Masdar, Abu Dhabi’s clean energy company, broke ground at the site of a $200 million solar power plant that will be built in Azerbaijan's capital and signed preliminary agreements for more deals in the country.
The 230-megawatt Garadagh plant in Baku is the country’s first foreign investment independent solar power project. It is expected to start commercial operations in 2023.
The groundbreaking ceremony was attended by Azerbaijan's President Ilham Aliyev, UAE Minister of Energy and Infrastructure Suhail Al Mazrouei and Azerbaijan’s Minister of Energy Parviz Shahbazov.

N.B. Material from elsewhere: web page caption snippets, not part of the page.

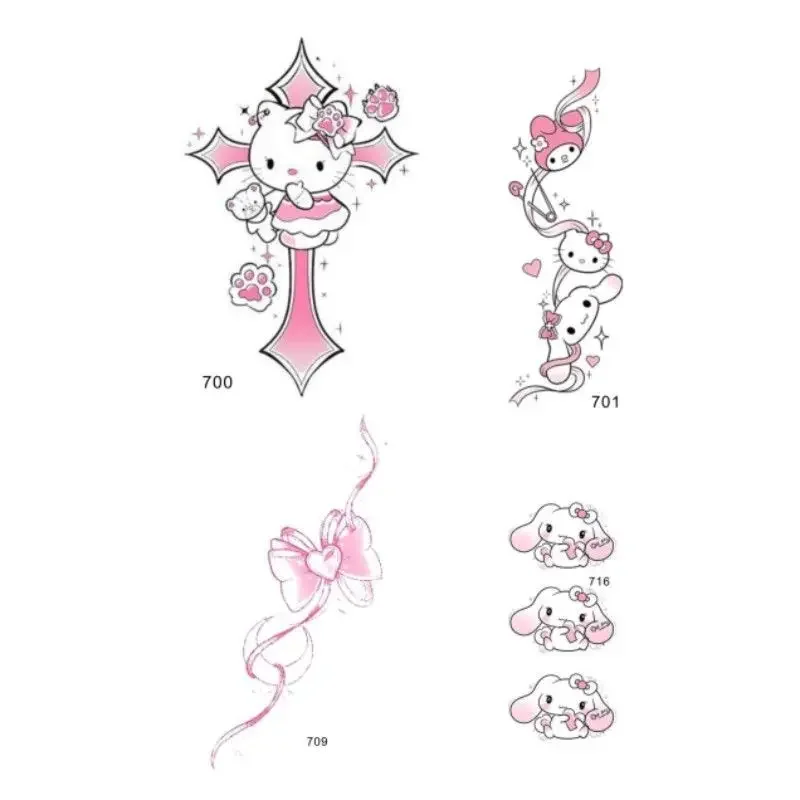 Sanrio Hello Kitty Flower Arm Tattoo Sticker, Kawaii Anime Character, Impermeável, Descartável, Fofo, Desenhos animados, Menina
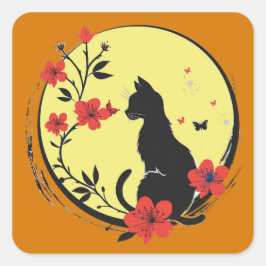 Katze in den Mondlicht-Aufklebern Quadratischer Aufkleber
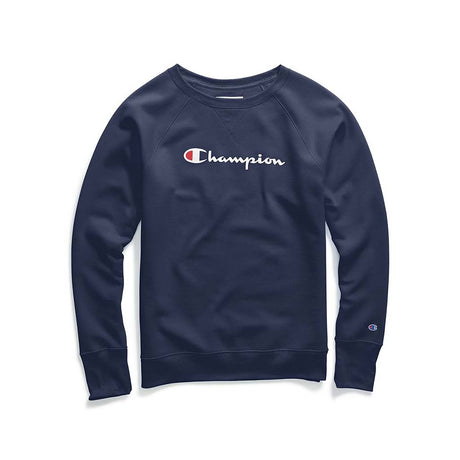 Champion Powerblend Boyfriend Crew Logo chandail molletonné pour femme imperial indigo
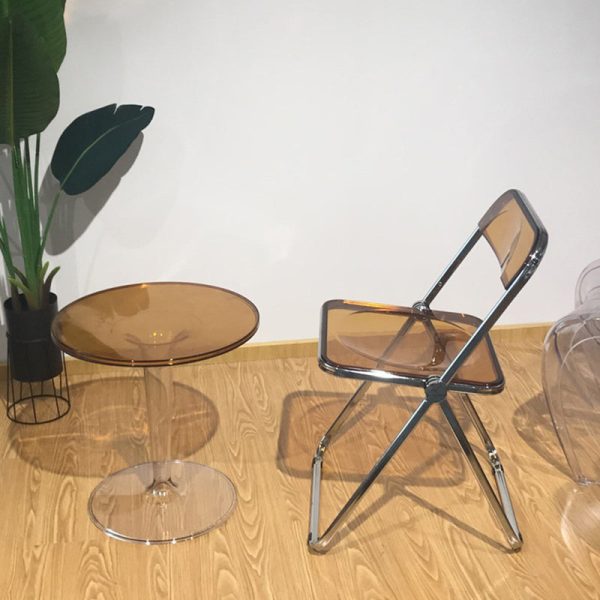 Modern Simplicity Round Cylinder Acrylic End Table 1-Tier For Entryways - Image 12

“The UAE and Masdar look forward to continuing to drive foreign direct investment and supporting Azerbaijan on its ambitious clean energy journey as we explore more opportunities to further strengthen our partnership,” Mr Al Mazrouei said.
The two countries share the vision for a sustainable future driven by clean energy and the groundbreaking ceremony marks a “major milestone in Azerbaijan’s clean energy journey”, Masdar chief executive Mohamed Al Ramahi said.

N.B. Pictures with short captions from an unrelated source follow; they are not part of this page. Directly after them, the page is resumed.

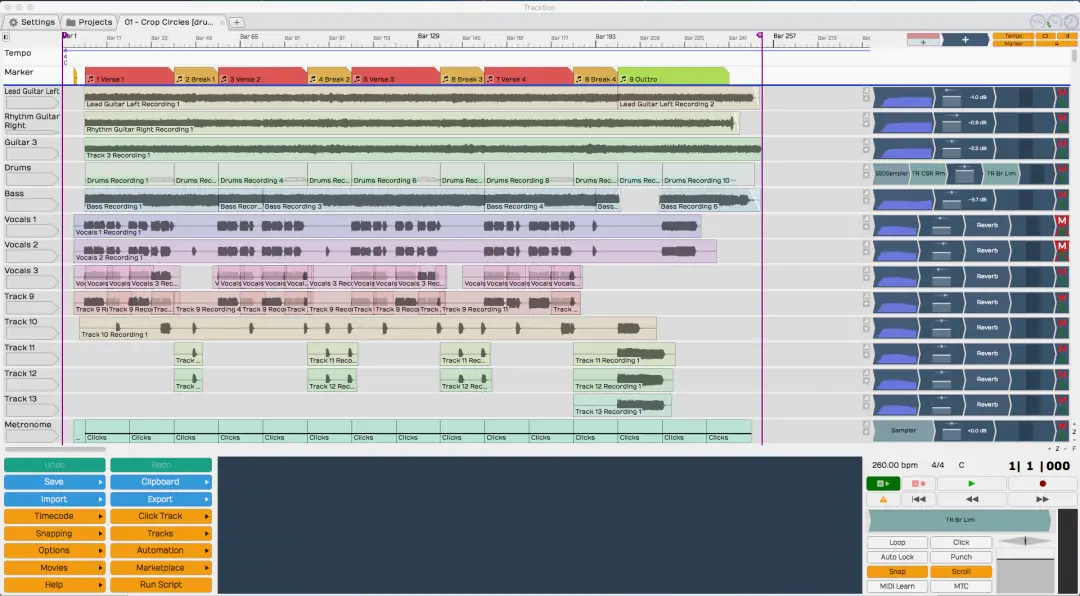 Exporting Audio With Click Tracks in Tracktion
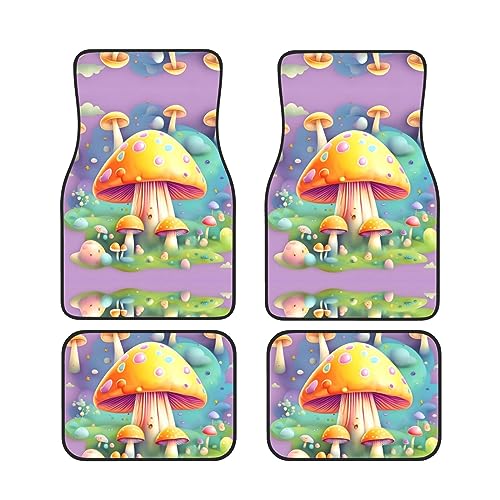 Juego completo de 4 alfombrillas universales de goma para coche, diseño de setas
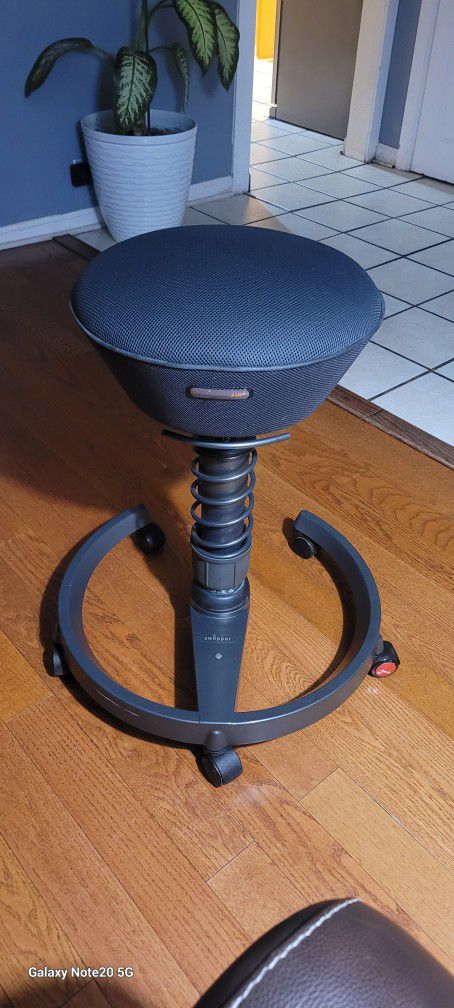 Aeris Swopper bounce chair black suede ergonomic office USED 
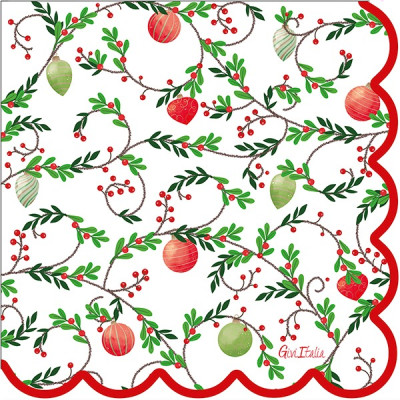 16 TOVAGLIOLI Natale in carta CHRISTMAS CARD con smerlo - addobbo tavola natalizia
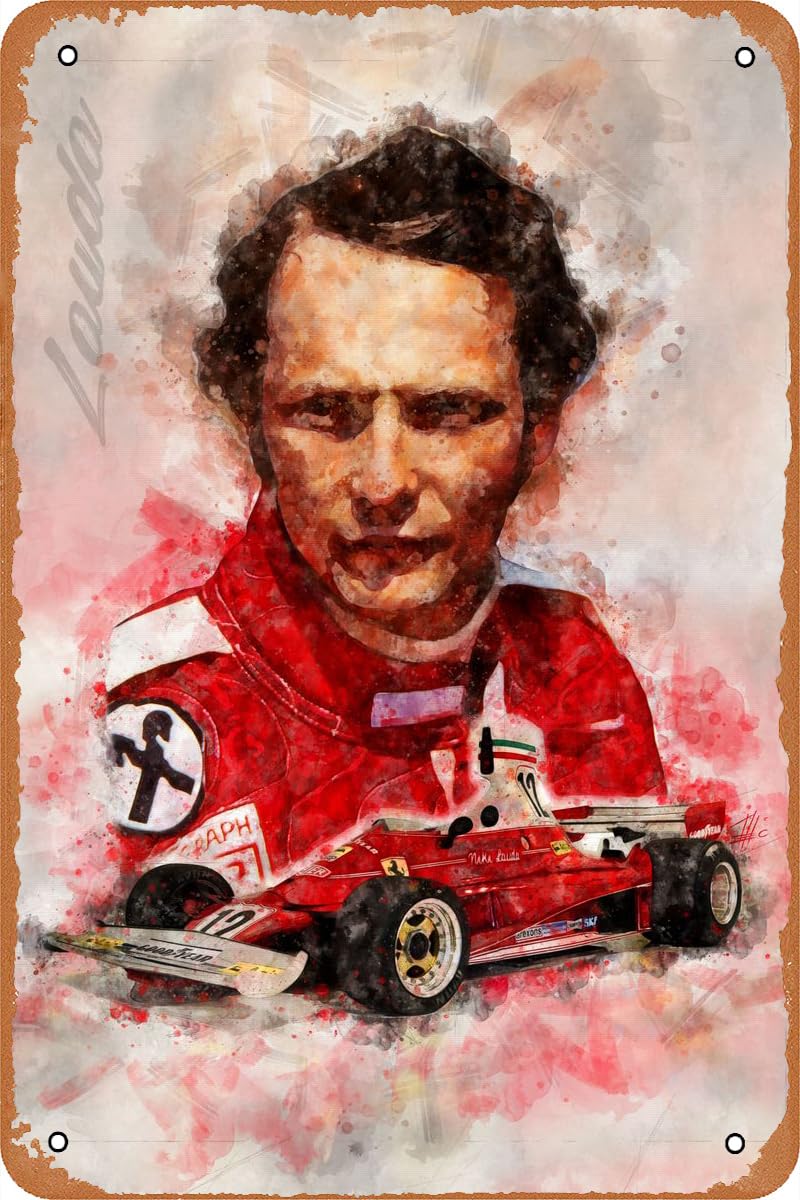 Niki Lauda Poster,Vintage Tin Sign Metal Sign,Metal Poster for Wall Decor 8x12 inch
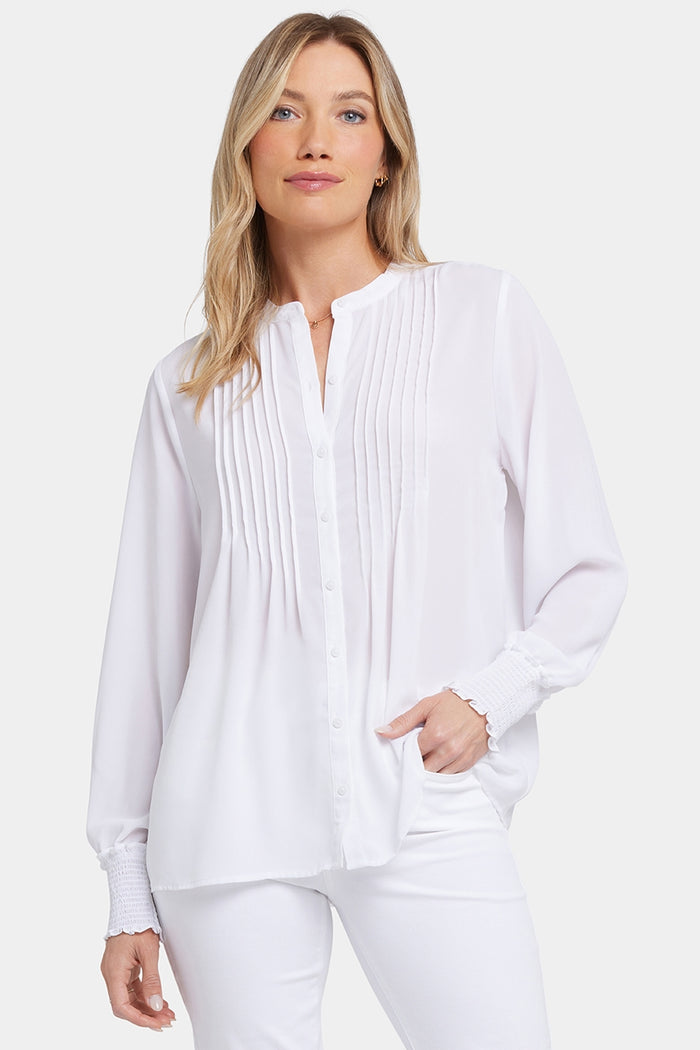 Pleated Peasant Blouse | Optic White | Blouse | NYDJ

Masdar, which currently operates in more than 30 countries with a total investment of about $20 billion, aims to be a clean energy powerhouse. It signed an agreement that resulted in Adnoc and Taqa becoming shareholders alongside existing owner Mubadala Investment Company.
That deal will boost the clean energy company's renewable power capacity to more than 50 gigawatts by 2030 and allow it to create synergies and tap into a booming market for hydrogen, often considered a clean alternative to polluting fuels.
Azerbaijan, which largely relies on natural gas to meet its energy needs, plans to increase its installed power capacity to 30 per cent from renewable sources by 2030, in an effort to diversify its economy and reduce greenhouse gas emissions.
The country is developing several clean energy projects. In January, Saudi Arabia's Acwa Power and Azerbaijan's energy ministry broke ground on a $300m, 240-megawatt wind power station.
“By diversifying its energy mix, Azerbaijan will be able to drive sustainable development and enhance energy security, while making a major contribution to climate change mitigation,” Mr Al Ramahi said on Wednesday.
Masdar signed the agreement to develop the Garadagh project in April last year. The project will generate 500 million kilowatt-hours of electricity annually, enough to meet the needs of more than 110,000 households.
It is also expected to help to reduce emissions by more than 200,000 tonnes a year.
The Abu Dhabi Fund for Development is among the project's key financing partners and it plans to further support the clean energy ambitions of Azerbaijan, which has a solar energy generation potential of about 23,040MW, Masdar said, citing International Renewable Energy Agency data.
Masdar has also signed four preliminary agreements for the development of clean energy projects in Azerbaijan, the company said without giving details of the pacts.
“We look forward to building on our presence here in Azerbaijan, and helping the nation achieve its renewable energy objectives through these agreements,” Mr Al Ramahi said.
“We stand ready as an active strategic partner to Azerbaijan to provide knowledge exchange, develop local expertise and deliver lasting infrastructure improvement.”